Soon you’ll be able to find this info instantly in Google Search if it’s in your Gmail, Google Calendar or Google+. For example, just ask or type, “What’s my flight status?” or “When will my package arrive?”

Typing these kinds of questions (or asking using your voice) will analyze your Gmail messages, Google+ posts and circles and Calendar entries. It’s like Siri knowing about your schedule, messages and social interactions because those snippets of information reside inside stock apps on your device.

In addition to flights, reservations and package deliver info, you can also ask for “my purchases” to get the status of your current orders or “what are my plans for tomorrow?” to see a summary of upcoming flights, hotels, restaurant reservations and events.

My favorite is Google+ Photos integration: just say “Show me my photos from Australia” to see the photos you uploaded to Google+.

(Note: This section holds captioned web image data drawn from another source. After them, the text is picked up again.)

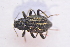  ( - IBSAS-TA3931)  @11 [ ] CreativeCommons  Attribution Non-Commercial Share-Alike (2018) Unspecified Slovak Academy of Sciences, Plant Science and Biodiversity Centre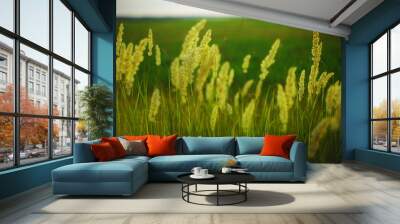 field of wheat Wall mural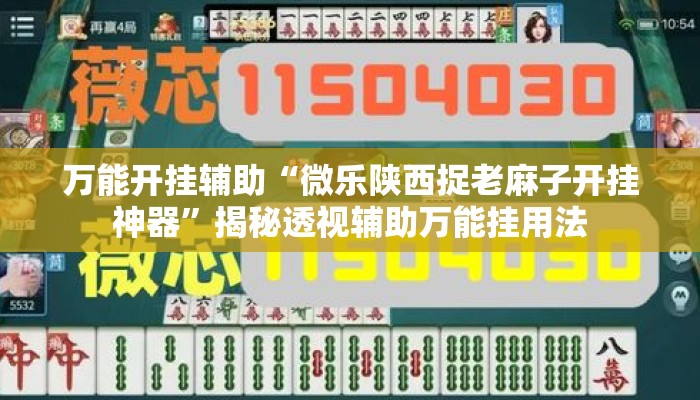 万能开挂辅助“微乐陕西捉老麻子开挂神器”揭秘透视辅助万能挂用法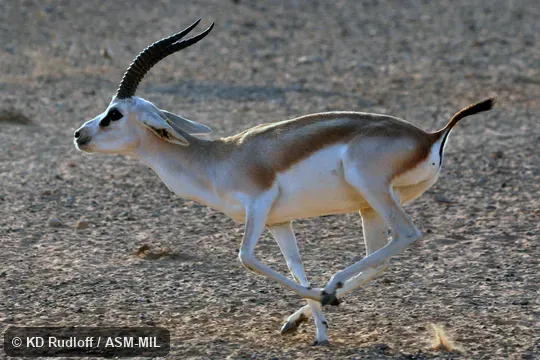 Formerly Gazella subgutturosa marica, Goitered Gazelle.  Also as Arabian Sand Gazelle.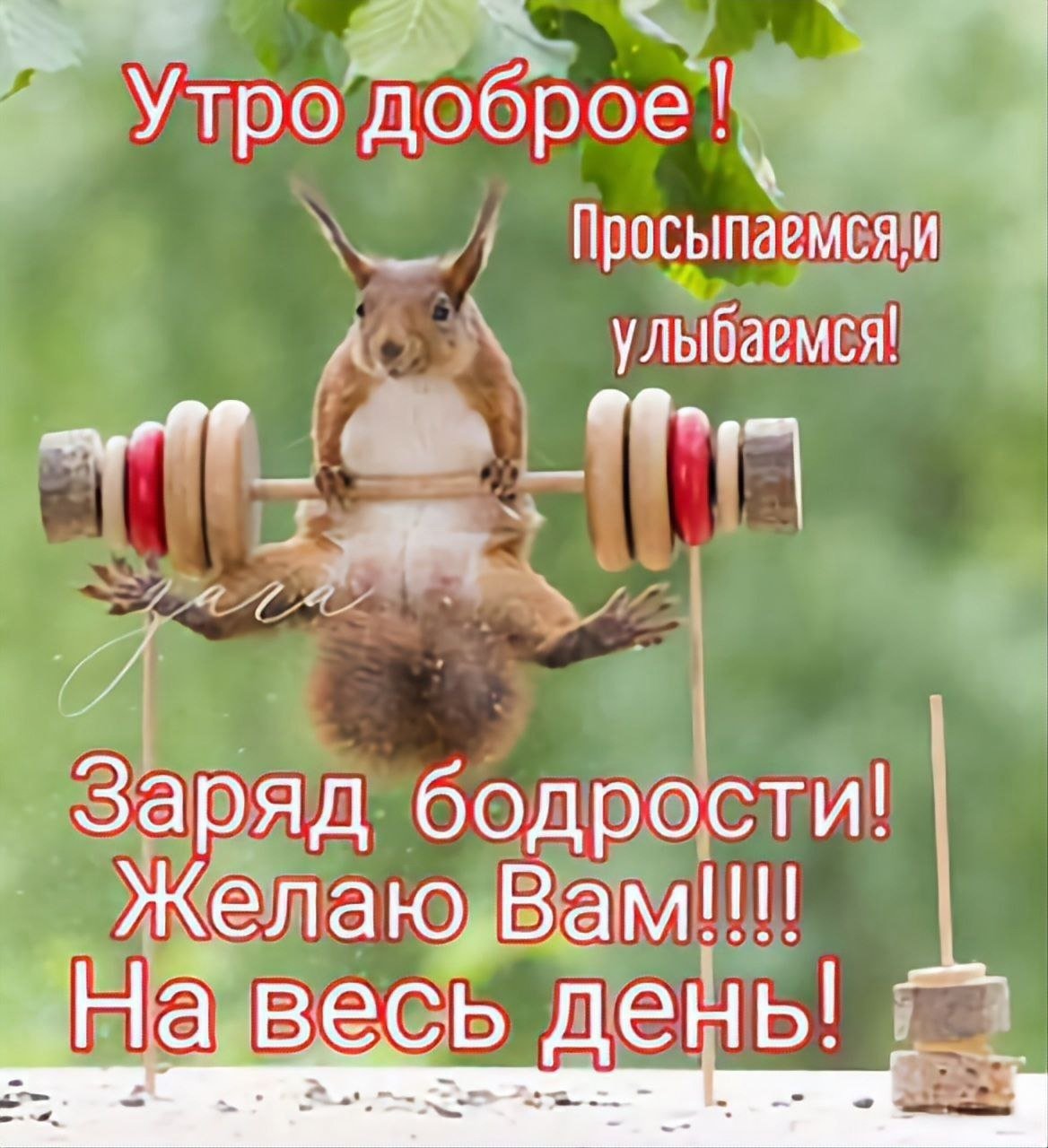 Позитивчик для хорошего настроения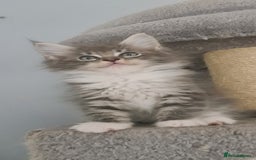 Mixed Breed cats for sale: Ragcoon kittens  - Image 2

But wait, there’s more! You can also ask stuff such as “my photos of sunsets” and Google will do its best to recognize the correct type of photo.

Like Google Now, you can exclude specific services from searches.

To do so, click the globe icon at the top of the search results page and cherry-pick your preferred services. And should you ever feel the need to turn the feature off permanently, simply visit the Private Results section in your Search Settings on

For those concerned about the privacy of the newly supported search queries, Google is adamant that this information “is just for you – secure, via encrypted connection, and visible only to you when you’re signed in to Google”.

Of course, this kind of search integration with other Google services has been implemented on Android devices via Google Now cards for over a year now, with one notable difference –  there’s no way to actively query Google Now.

On a somewhat related note, the Internet giant argued its users had waived their right to privacy the instant they agreed to terms of service.

Google’s stance on privacy, from its legal filings:

Just as a sender of a letter to a business colleague cannot be surprised that the recipient’s assistant opens the letter, people who use web-based email today cannot be surprised if their emails are processed by the recipient’s email provider in the course of delivery.

Consumer Watchdog called this “a stunning admission” on Google’s part.

Google’s school of thought brings to mind Gmail Man.

I don’t like Google much, but I nonetheless use its products on an everyday basis – that’s how great Google services are (regardless of where your heart lies). And while I could imagine my daily productivity without such tools as Google+, Gmail, Docs, Drive, Voice, Maps and Translate, Search is not one of them.

To put it bluntly, in spite of Bing’s advancements and Yahoo’s continuous improvements to its search experience, I just can’t get my head around using any other search product except for Google’s.